▶ _Data for analysis_:
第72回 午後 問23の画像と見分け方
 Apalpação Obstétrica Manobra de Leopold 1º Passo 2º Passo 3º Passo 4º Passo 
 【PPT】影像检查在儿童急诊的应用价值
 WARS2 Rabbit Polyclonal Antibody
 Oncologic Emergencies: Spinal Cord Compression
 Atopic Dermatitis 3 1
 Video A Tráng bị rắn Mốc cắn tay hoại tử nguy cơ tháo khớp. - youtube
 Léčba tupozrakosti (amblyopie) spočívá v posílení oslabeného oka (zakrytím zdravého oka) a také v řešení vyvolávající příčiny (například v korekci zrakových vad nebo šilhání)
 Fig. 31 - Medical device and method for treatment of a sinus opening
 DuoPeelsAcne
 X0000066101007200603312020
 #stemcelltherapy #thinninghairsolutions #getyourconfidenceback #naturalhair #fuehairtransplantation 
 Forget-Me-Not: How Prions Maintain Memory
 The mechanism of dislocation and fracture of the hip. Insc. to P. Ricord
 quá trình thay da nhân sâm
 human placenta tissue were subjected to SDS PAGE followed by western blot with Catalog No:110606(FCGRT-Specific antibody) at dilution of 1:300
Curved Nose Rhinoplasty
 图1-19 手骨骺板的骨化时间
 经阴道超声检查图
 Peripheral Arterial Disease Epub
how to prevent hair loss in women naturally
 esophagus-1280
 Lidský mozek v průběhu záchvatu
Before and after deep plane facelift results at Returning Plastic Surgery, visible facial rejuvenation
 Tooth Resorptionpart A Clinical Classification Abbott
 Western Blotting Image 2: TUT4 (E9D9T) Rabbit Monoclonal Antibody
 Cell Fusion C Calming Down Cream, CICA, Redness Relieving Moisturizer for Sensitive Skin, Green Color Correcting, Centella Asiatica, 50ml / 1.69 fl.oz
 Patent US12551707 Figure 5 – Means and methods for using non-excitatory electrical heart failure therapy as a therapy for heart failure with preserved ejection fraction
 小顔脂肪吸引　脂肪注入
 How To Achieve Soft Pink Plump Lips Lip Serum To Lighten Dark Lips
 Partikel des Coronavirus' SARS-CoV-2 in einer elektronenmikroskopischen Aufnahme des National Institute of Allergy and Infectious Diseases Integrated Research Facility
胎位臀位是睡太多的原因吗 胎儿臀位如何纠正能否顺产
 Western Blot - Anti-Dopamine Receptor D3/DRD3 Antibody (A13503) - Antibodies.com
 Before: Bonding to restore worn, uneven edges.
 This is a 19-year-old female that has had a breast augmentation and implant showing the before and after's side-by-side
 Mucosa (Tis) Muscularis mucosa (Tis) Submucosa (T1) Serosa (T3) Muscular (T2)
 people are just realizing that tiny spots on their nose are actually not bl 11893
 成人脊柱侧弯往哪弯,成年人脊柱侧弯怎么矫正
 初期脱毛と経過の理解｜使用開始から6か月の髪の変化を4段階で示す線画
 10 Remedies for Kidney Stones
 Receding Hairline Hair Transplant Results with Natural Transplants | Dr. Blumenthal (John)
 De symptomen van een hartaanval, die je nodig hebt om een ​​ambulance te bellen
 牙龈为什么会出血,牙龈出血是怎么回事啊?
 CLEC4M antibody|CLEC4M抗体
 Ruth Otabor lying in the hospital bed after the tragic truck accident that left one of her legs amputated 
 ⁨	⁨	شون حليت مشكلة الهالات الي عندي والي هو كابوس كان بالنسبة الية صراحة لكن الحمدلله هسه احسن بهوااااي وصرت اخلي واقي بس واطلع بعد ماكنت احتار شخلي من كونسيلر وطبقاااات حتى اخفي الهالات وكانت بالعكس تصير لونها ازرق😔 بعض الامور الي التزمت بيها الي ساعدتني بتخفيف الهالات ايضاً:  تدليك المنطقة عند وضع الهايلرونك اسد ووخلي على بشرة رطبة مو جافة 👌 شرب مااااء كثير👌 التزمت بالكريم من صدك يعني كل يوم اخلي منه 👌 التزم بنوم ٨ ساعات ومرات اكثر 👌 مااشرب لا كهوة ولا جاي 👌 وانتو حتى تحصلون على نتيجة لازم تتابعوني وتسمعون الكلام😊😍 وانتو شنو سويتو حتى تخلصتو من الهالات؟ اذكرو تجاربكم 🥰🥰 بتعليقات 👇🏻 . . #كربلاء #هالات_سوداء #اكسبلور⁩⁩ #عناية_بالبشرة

▶ _Exercise requirements_: The task calls for all the records above to be repeated exactly.

▶ _Answer to this problem_:
第72回 午後 問23の画像と見分け方
 Apalpação Obstétrica Manobra de Leopold 1º Passo 2º Passo 3º Passo 4º Passo 
 【PPT】影像检查在儿童急诊的应用价值
 WARS2 Rabbit Polyclonal Antibody
 Oncologic Emergencies: Spinal Cord Compression
 Atopic Dermatitis 3 1
 Video A Tráng bị rắn Mốc cắn tay hoại tử nguy cơ tháo khớp. - youtube
 Léčba tupozrakosti (amblyopie) spočívá v posílení oslabeného oka (zakrytím zdravého oka) a také v řešení vyvolávající příčiny (například v korekci zrakových vad nebo šilhání)
 Fig. 31 - Medical device and method for treatment of a sinus opening
 DuoPeelsAcne
 X0000066101007200603312020
 #stemcelltherapy #thinninghairsolutions #getyourconfidenceback #naturalhair #fuehairtransplantation 
 Forget-Me-Not: How Prions Maintain Memory
 The mechanism of dislocation and fracture of the hip. Insc. to P. Ricord
 quá trình thay da nhân sâm
 human placenta tissue were subjected to SDS PAGE followed by western blot with Catalog No:110606(FCGRT-Specific antibody) at dilution of 1:300
Curved Nose Rhinoplasty
 图1-19 手骨骺板的骨化时间
 经阴道超声检查图
 Peripheral Arterial Disease Epub
how to prevent hair loss in women naturally
 esophagus-1280
 Lidský mozek v průběhu záchvatu
Before and after deep plane facelift results at Returning Plastic Surgery, visible facial rejuvenation
 Tooth Resorptionpart A Clinical Classification Abbott
 Western Blotting Image 2: TUT4 (E9D9T) Rabbit Monoclonal Antibody
 Cell Fusion C Calming Down Cream, CICA, Redness Relieving Moisturizer for Sensitive Skin, Green Color Correcting, Centella Asiatica, 50ml / 1.69 fl.oz
 Patent US12551707 Figure 5 – Means and methods for using non-excitatory electrical heart failure therapy as a therapy for heart failure with preserved ejection fraction
 小顔脂肪吸引　脂肪注入
 How To Achieve Soft Pink Plump Lips Lip Serum To Lighten Dark Lips
 Partikel des Coronavirus' SARS-CoV-2 in einer elektronenmikroskopischen Aufnahme des National Institute of Allergy and Infectious Diseases Integrated Research Facility
胎位臀位是睡太多的原因吗 胎儿臀位如何纠正能否顺产
 Western Blot - Anti-Dopamine Receptor D3/DRD3 Antibody (A13503) - Antibodies.com
 Before: Bonding to restore worn, uneven edges.
 This is a 19-year-old female that has had a breast augmentation and implant showing the before and after's side-by-side
 Mucosa (Tis) Muscularis mucosa (Tis) Submucosa (T1) Serosa (T3) Muscular (T2)
 people are just realizing that tiny spots on their nose are actually not bl 11893
 成人脊柱侧弯往哪弯,成年人脊柱侧弯怎么矫正
 初期脱毛と経過の理解｜使用開始から6か月の髪の変化を4段階で示す線画
 10 Remedies for Kidney Stones
 Receding Hairline Hair Transplant Results with Natural Transplants | Dr. Blumenthal (John)
 De symptomen van een hartaanval, die je nodig hebt om een ​​ambulance te bellen
 牙龈为什么会出血,牙龈出血是怎么回事啊?
 CLEC4M antibody|CLEC4M抗体
 Ruth Otabor lying in the hospital bed after the tragic truck accident that left one of her legs amputated 
 ⁨	⁨	شون حليت مشكلة الهالات الي عندي والي هو كابوس كان بالنسبة الية صراحة لكن الحمدلله هسه احسن بهوااااي وصرت اخلي واقي بس واطلع بعد ماكنت احتار شخلي من كونسيلر وطبقاااات حتى اخفي الهالات وكانت بالعكس تصير لونها ازرق😔 بعض الامور الي التزمت بيها الي ساعدتني بتخفيف الهالات ايضاً:  تدليك المنطقة عند وضع الهايلرونك اسد ووخلي على بشرة رطبة مو جافة 👌 شرب مااااء كثير👌 التزمت بالكريم من صدك يعني كل يوم اخلي منه 👌 التزم بنوم ٨ ساعات ومرات اكثر 👌 مااشرب لا كهوة ولا جاي 👌 وانتو حتى تحصلون على نتيجة لازم تتابعوني وتسمعون الكلام😊😍 وانتو شنو سويتو حتى تخلصتو من الهالات؟ اذكرو تجاربكم 🥰🥰 بتعليقات 👇🏻 . . #كربلاء #هالات_سوداء #اكسبلور⁩⁩ #عناية_بالبشرة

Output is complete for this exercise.